What is required: Exactly the lines from the one with "Applecross Highlands destination" through the end of the records below are needed, minus any pictures.

Records from a data source
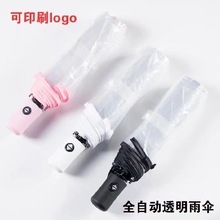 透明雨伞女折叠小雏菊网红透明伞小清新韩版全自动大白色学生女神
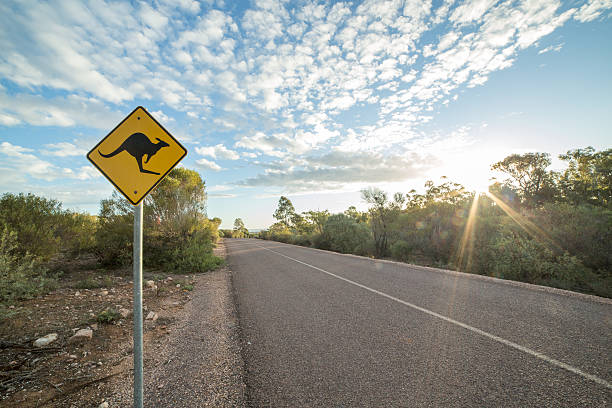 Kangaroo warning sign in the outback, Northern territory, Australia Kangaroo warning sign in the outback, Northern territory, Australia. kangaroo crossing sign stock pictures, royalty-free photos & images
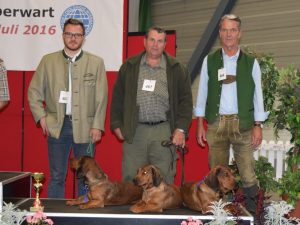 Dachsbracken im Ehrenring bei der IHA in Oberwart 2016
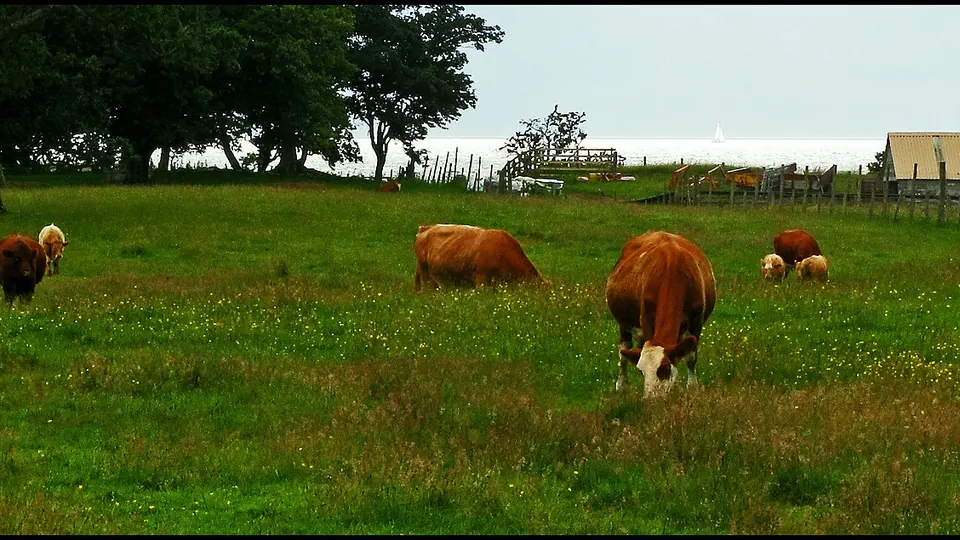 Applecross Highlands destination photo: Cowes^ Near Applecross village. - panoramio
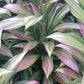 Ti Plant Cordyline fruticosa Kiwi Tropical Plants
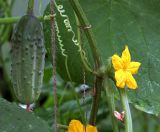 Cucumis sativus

Your solution:
 Applecross Highlands destination photo: Cowes^ Near Applecross village. - panoramio
 Ti Plant Cordyline fruticosa Kiwi Tropical Plants
 Cucumis sativus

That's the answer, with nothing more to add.